═══ Entries supplied

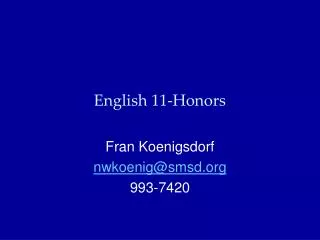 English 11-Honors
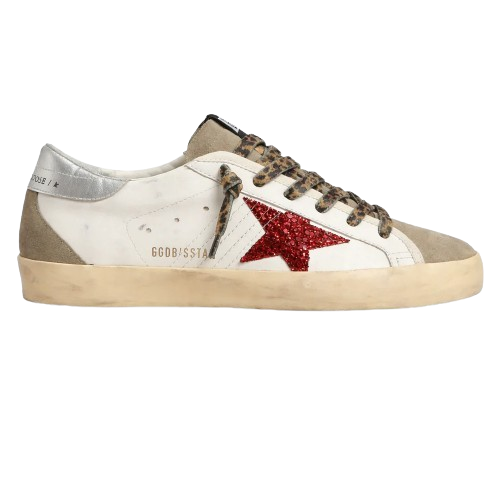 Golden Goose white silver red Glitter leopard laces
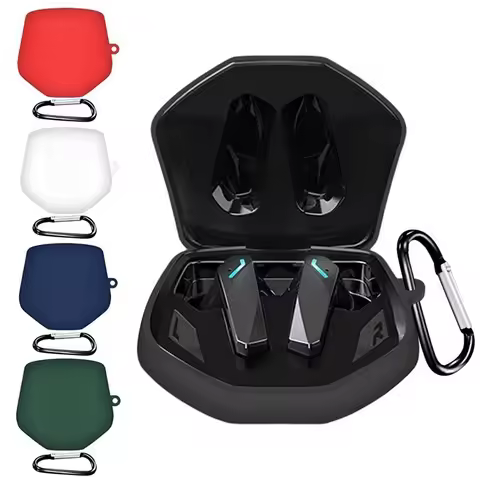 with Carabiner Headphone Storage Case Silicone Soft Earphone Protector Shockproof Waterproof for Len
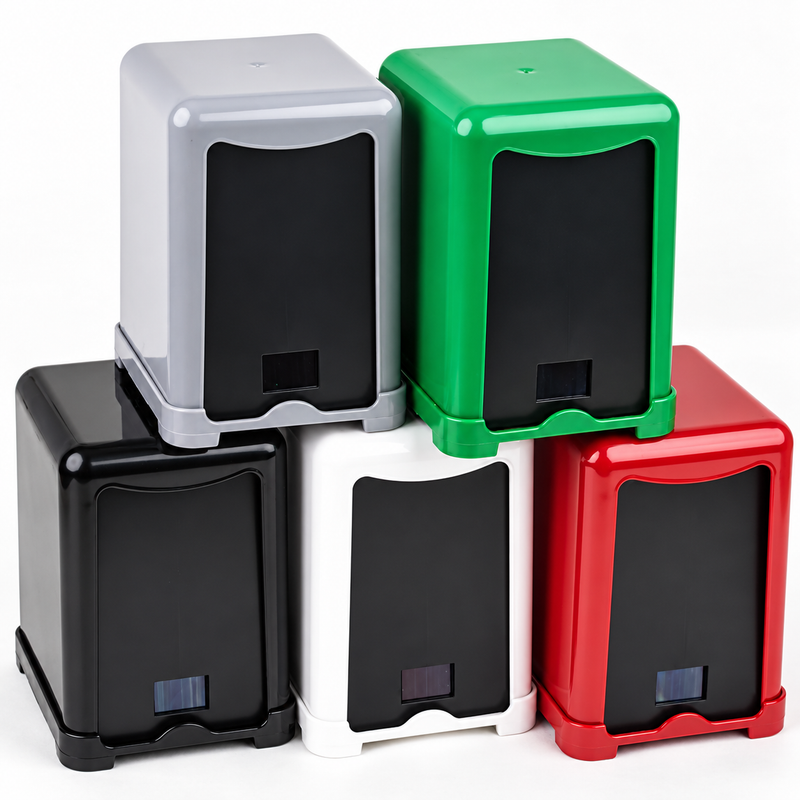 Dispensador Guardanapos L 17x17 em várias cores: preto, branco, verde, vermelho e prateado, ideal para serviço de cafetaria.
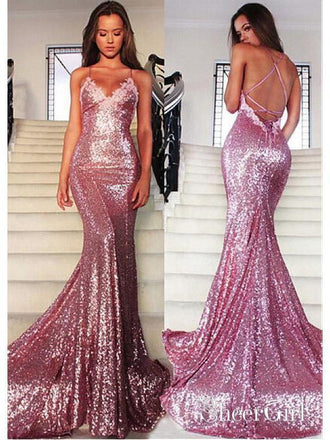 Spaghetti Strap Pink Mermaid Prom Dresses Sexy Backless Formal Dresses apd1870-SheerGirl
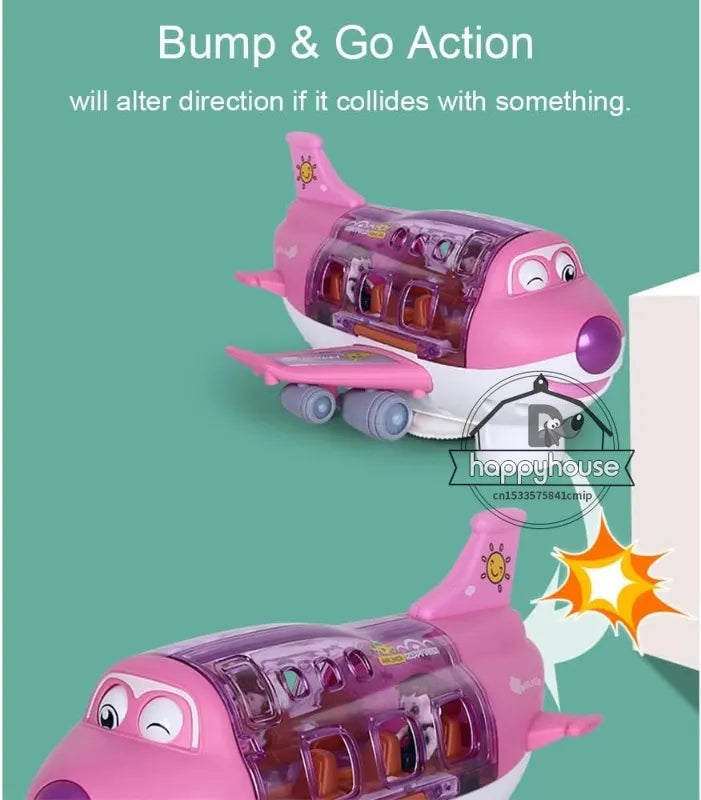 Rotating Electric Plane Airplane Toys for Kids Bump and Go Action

══════

Set the material down exactly, images excluded.

Answer below:
 English 11-Honors
 Golden Goose white silver red Glitter leopard laces
 with Carabiner Headphone Storage Case Silicone Soft Earphone Protector Shockproof Waterproof for Len
 Dispensador Guardanapos L 17x17 em várias cores: preto, branco, verde, vermelho e prateado, ideal para serviço de cafetaria.
 Spaghetti Strap Pink Mermaid Prom Dresses Sexy Backless Formal Dresses apd1870-SheerGirl
 Rotating Electric Plane Airplane Toys for Kids Bump and Go Action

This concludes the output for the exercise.